## DATA TO EXAMINE
+---+
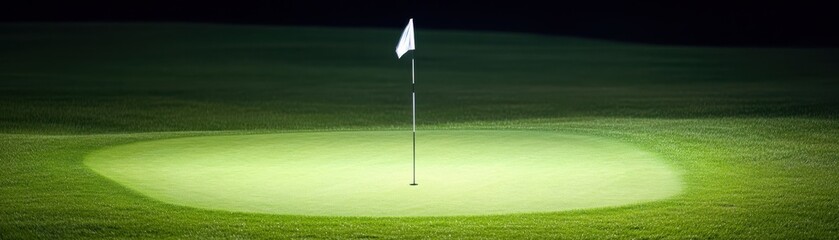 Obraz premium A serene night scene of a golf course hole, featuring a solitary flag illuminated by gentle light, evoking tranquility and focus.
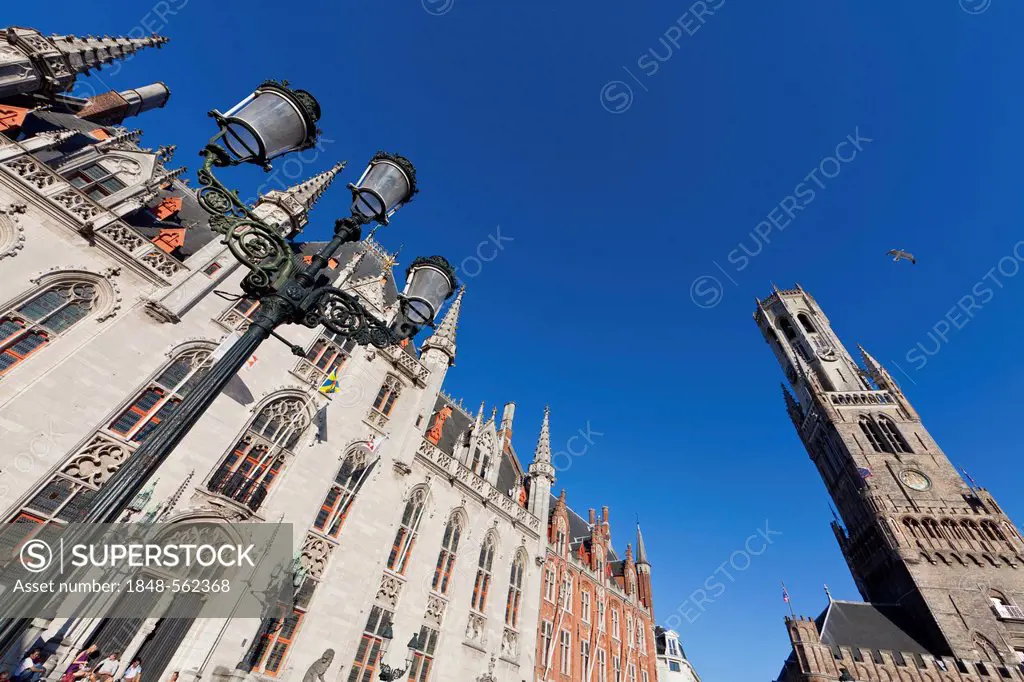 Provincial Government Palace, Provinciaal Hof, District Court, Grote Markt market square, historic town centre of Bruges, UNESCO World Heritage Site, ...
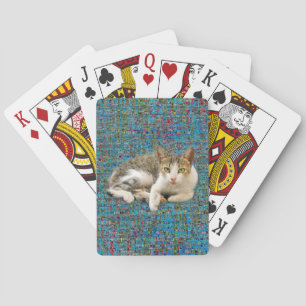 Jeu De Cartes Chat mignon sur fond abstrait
+---+
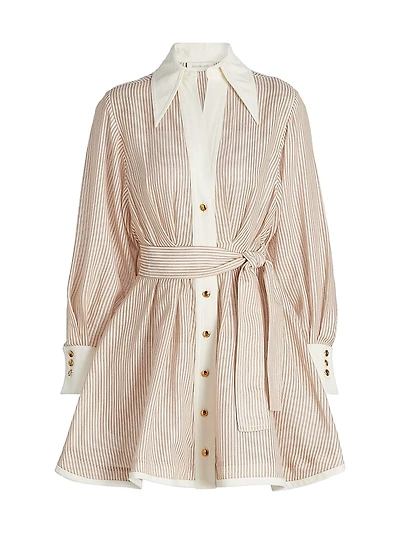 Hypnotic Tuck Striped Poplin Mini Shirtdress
+---+
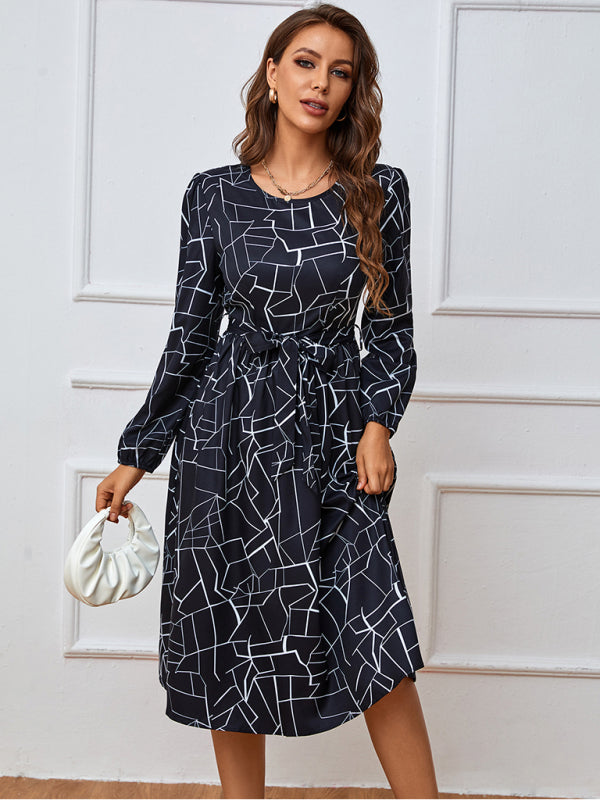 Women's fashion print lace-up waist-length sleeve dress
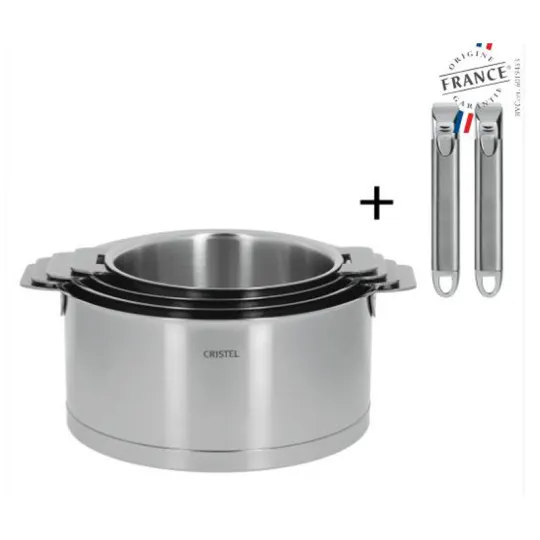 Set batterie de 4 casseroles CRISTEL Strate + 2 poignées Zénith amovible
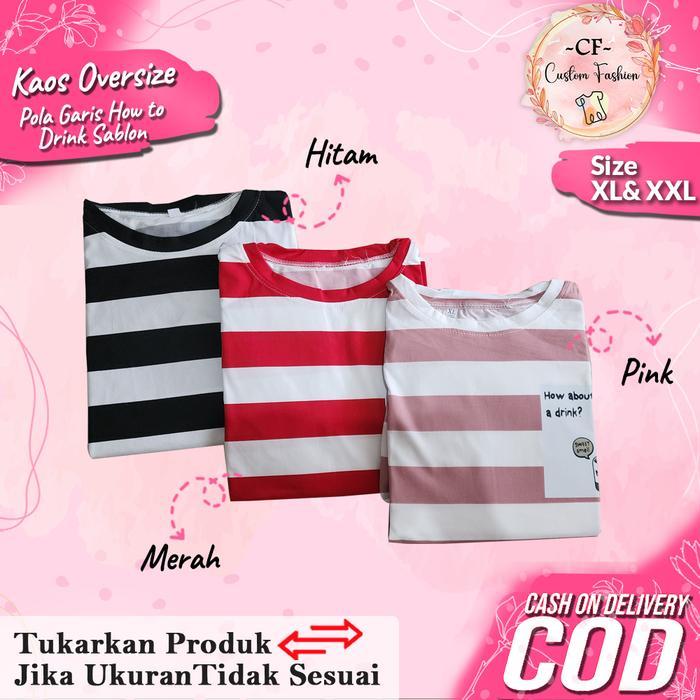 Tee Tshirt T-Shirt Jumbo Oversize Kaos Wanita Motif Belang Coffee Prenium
+---+
## WHAT NEEDS TO BE DONE
Reproduce the listing above from the line that holds "Set batterie de" through the line that holds "Tee Tshirt T-Shirt", both included, with the pictures left out.

## ANSWER FOR THIS EXERCISE
 Set batterie de 4 casseroles CRISTEL Strate + 2 poignées Zénith amovible
 Tee Tshirt T-Shirt Jumbo Oversize Kaos Wanita Motif Belang Coffee Prenium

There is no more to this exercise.